Brüggenjürgen: Das geht heute los und die nächsten knapp drei Wochen geht es hier nur darum, dass man dieses 72-Arbeitsinstrument, so heißt das Papier, dass im Vorfeld erstellt wurde, abarbeitet. Man trifft sich hier in der Audienz-Halle. Hier ist man eigentlich gewohnt, dass vorne einer spricht und alle zuhören.
Ich habe gestern ein schönes Bild aus dieser Halle gesehen. Dort gibt es Tisch-Gruppen, also auch für kleinere Gesprächsrunden. Bei 365 Teilnehmern, zusätzlichen Experten und Beobachtern ist das ja gar nicht so einfach. Schauen wir mal, ob das klappt, was sich der Papst in seiner Predigt gewünscht hat. Nämlich dass sich die Delegierten demütig, leidenschaftlich, aber auch fröhlich auf ihren Weg machen.

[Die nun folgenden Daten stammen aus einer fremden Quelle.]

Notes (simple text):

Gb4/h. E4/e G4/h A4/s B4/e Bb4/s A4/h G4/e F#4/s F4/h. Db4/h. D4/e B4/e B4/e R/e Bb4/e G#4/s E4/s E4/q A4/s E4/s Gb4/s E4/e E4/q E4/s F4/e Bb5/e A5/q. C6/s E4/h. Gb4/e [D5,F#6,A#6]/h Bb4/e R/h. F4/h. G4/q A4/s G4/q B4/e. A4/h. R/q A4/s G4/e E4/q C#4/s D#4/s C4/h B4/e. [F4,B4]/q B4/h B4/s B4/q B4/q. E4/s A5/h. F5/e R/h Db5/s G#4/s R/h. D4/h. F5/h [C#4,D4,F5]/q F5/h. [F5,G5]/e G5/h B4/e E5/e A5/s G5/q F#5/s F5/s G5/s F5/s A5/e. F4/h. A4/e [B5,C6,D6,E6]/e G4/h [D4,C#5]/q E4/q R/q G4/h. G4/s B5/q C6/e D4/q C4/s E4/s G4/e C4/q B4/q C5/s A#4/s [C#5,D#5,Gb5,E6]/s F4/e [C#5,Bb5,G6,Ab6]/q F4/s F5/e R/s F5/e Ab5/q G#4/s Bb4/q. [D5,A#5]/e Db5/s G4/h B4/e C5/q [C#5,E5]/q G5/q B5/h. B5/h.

DOMRADIO.DE: Bei der Weltsynode der Bischöfe sind ja dieses Mal nicht nur Bischöfe stimmberechtigt. Wie wird sich das auf die Atmosphäre und den Ablauf auswirken?

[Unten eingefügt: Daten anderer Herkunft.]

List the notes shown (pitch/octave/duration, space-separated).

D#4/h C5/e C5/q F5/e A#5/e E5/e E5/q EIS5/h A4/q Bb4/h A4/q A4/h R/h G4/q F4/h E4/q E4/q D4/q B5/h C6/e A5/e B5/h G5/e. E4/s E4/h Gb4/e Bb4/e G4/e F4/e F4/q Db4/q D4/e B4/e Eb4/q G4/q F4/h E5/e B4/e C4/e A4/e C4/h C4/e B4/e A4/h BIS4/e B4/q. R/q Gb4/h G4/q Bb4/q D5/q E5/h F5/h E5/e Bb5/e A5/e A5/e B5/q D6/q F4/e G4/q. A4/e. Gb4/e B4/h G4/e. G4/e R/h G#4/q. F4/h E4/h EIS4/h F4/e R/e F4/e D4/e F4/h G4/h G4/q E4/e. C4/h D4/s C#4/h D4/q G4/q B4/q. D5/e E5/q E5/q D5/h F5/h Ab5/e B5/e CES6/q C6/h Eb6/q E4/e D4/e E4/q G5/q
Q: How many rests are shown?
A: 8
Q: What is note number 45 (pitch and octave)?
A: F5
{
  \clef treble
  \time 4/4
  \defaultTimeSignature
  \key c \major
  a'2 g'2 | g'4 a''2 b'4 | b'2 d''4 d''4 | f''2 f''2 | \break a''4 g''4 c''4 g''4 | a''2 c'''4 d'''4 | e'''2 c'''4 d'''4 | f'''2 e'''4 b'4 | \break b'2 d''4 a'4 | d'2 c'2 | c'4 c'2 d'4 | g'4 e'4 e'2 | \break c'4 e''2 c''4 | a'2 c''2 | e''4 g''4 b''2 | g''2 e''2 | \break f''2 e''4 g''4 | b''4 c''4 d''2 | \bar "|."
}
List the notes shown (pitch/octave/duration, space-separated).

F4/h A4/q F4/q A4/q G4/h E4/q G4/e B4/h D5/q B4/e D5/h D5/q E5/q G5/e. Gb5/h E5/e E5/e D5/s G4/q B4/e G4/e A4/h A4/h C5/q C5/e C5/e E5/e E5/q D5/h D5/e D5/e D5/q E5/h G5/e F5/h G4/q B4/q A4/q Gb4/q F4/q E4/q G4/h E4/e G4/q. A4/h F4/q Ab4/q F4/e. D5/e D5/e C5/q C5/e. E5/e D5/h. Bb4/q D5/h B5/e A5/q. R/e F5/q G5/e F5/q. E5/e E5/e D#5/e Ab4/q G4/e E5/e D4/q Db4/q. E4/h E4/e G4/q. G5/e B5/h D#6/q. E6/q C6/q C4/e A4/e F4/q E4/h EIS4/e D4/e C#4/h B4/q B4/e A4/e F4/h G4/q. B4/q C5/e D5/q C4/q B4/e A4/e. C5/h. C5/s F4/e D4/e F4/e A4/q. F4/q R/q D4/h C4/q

Brüggenjürgen: Ich gehe davon aus, dass wir das merken werden. Wir haben das auch in Deutschland gemerkt. Beim Synodalen Weg haben plötzlich kleine Dinge große Wirkung gezeigt. Als beispielsweise die Delegierten in Deutschland gemeinsam und alphabetisch eingezogen sind, oder dass sich gar nicht mehr an Hierarchien gehalten wurde.

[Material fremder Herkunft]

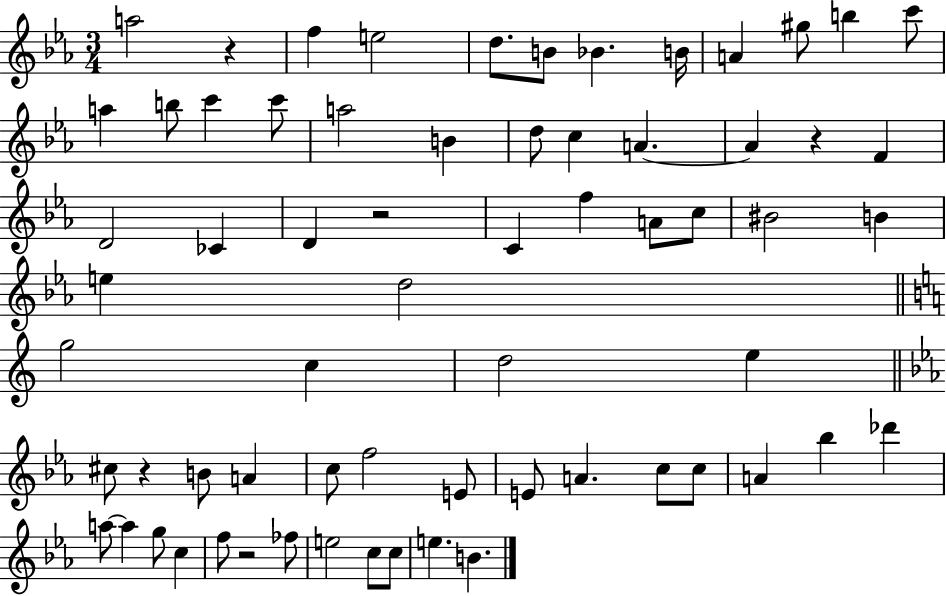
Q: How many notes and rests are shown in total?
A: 66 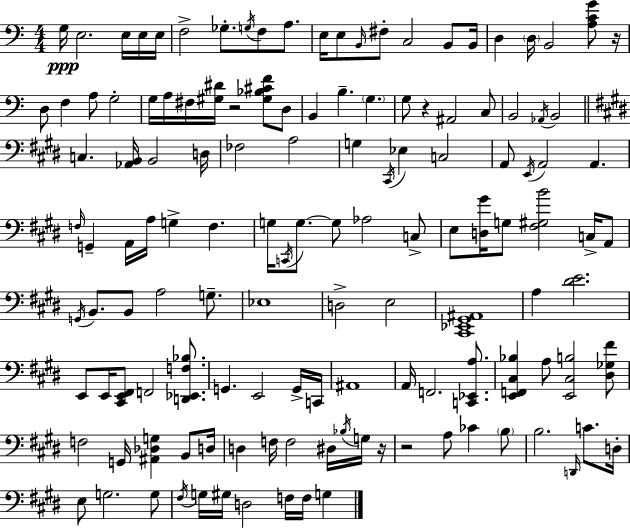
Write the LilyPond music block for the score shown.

{
  \clef bass
  \numericTimeSignature
  \time 4/4
  \key c \major
  g16\ppp e2. e16 e16 e16 | f2-> ges8.-. \acciaccatura { g16 } f8 a8. | e16 e8 \grace { b,16 } fis8-. c2 b,8 | b,16 d4 \parenthesize d16 b,2 <a c' g'>8 | \break r16 d8 f4 a8 g2-. | g16 a16 fis16 <gis dis'>16 r2 <gis bes cis' f'>8 | d8 b,4 b4.-- \parenthesize g4. | g8 r4 ais,2 | \break c8 b,2 \acciaccatura { aes,16 } b,2 | \bar "||" \break \key e \major c4. <aes, b,>16 b,2 d16 | fes2 a2 | g4 \acciaccatura { cis,16 } ees4 c2 | a,8 \acciaccatura { e,16 } a,2 a,4. | \break \grace { f16 } g,4-- a,16 a16 g4-> f4. | g16 \acciaccatura { c,16 } g8.~~ g8 aes2 | c8-> e8 <d gis'>16 g8 <fis gis b'>2 | c16-> a,8 \acciaccatura { g,16 } b,8. b,8 a2 | \break g8.-- ees1 | d2-> e2 | <cis, ees, gis, ais,>1 | a4 <dis' e'>2. | \break e,8 e,16 <cis, e, fis,>8 f,2 | <d, ees, f bes>8. g,4. e,2 | g,16-> c,16 ais,1 | a,16 f,2. | \break <c, ees, a>8. <e, f, cis bes>4 a8 <e, cis b>2 | <dis ges fis'>8 f2 g,16 <ais, des g>4 | b,8 d16 d4 f16 f2 | dis16 \acciaccatura { bes16 } g16 r16 r2 a8 | \break ces'4 \parenthesize b8 b2. | \grace { d,16 } c'8. d16-. e8 g2. | g8 \acciaccatura { fis16 } g16 gis16 d2 | f16 f16 g4 \bar "|."
}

Dadurch, dass hier so viele nicht Geweihte vor Ort sind und auch über 50 Frauen stimmberechtigt dabei sind, werden sich auch Auswirkungen zeigen. Klar, die Bischöfe haben eine Zweidrittelmehrheit, aber sobald so eine Versammlung ein bisschen geknackt ist, verändert sich die Atmosphäre. Ich glaube, da gibt es jetzt eine entsprechende Öffnung.
DOMRADIO.DE: Aber so wirklich wichtige Beschlüsse werden dieses Mal in Rom von dem Treffen nicht erwartet, oder?
Brüggenjürgen: Nein, die stehen erst dann an, wenn die Synode zum Ende kommt. Das wird erst im nächsten Jahr so sein. Dann werden sich die gleichen Delegierten hier nochmal treffen. Jetzt geht es um diesen lernenden Prozess, in dem man aufeinander zugeht, miteinander diskutiert und ringt.
Es wird sich in den nächsten drei Wochen zeigen, in welche Richtung sich die Versammlung bewegt. Am Ende muss der Papst natürlich entscheiden und seine Kirche auf den Weg bringen. Ihm geht es jetzt darum, das Ganze auf möglichst breite Füße zu stellen.
Das Interview führte Tim Helssen.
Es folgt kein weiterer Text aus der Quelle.